* PROBLEM TO SOLVE
Set down each line from the line holding "Hand installing a" to the last line of the entries below, exactly, with both ends included and without pictures.

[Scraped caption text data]
######
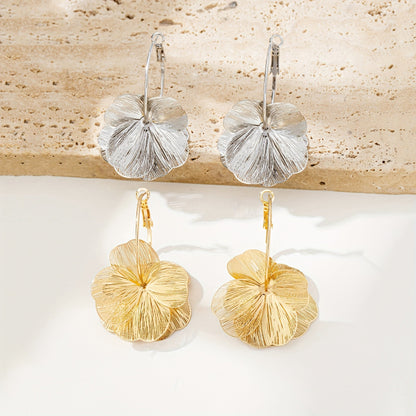 Boucles d'oreilles creuses en or exagérées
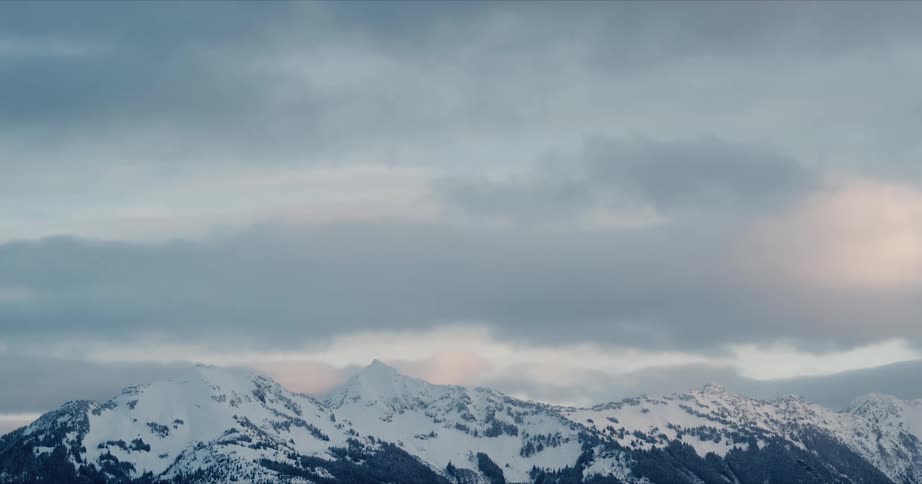 A snow covered mountain range at dusk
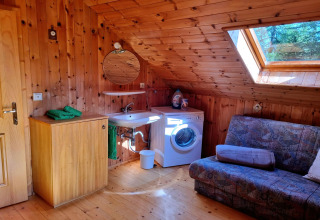 Holzgetäfeltes Zimmer im Schneiderhütte-Chalet mit Waschbecken, Waschmaschine und Sofa in Österreich.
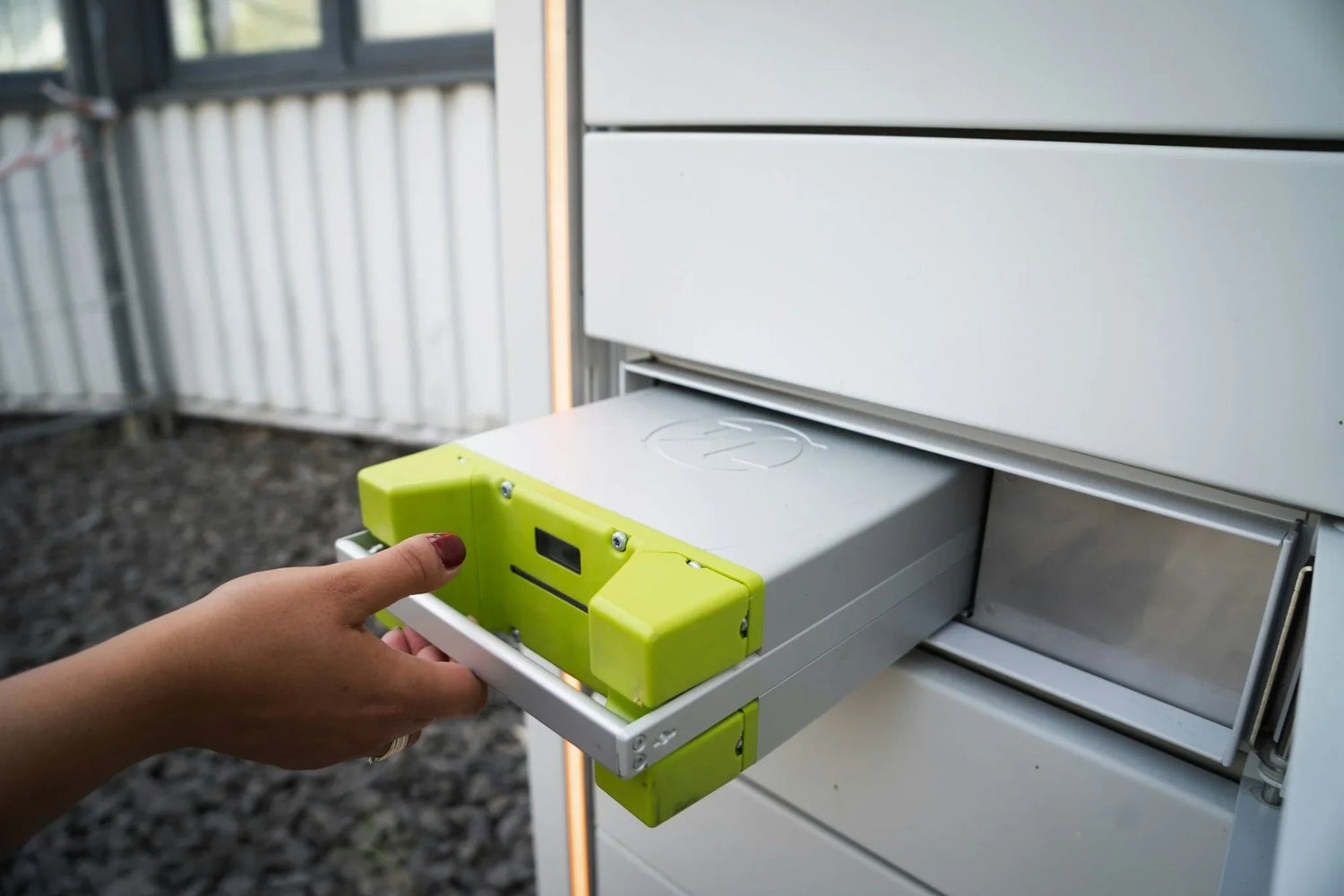 Hand installing a green LiFePO₄ battery module into a white energy storage unit outdoors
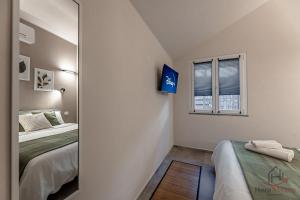 Ένα ή περισσότερα κρεβάτια σε δωμάτιο στο Alta Via 2 - Free Parking - Sea 20 min - A-C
######
* ANSWER SPACE
 Hand installing a green LiFePO₄ battery module into a white energy storage unit outdoors
 Ένα ή περισσότερα κρεβάτια σε δωμάτιο στο Alta Via 2 - Free Parking - Sea 20 min - A-C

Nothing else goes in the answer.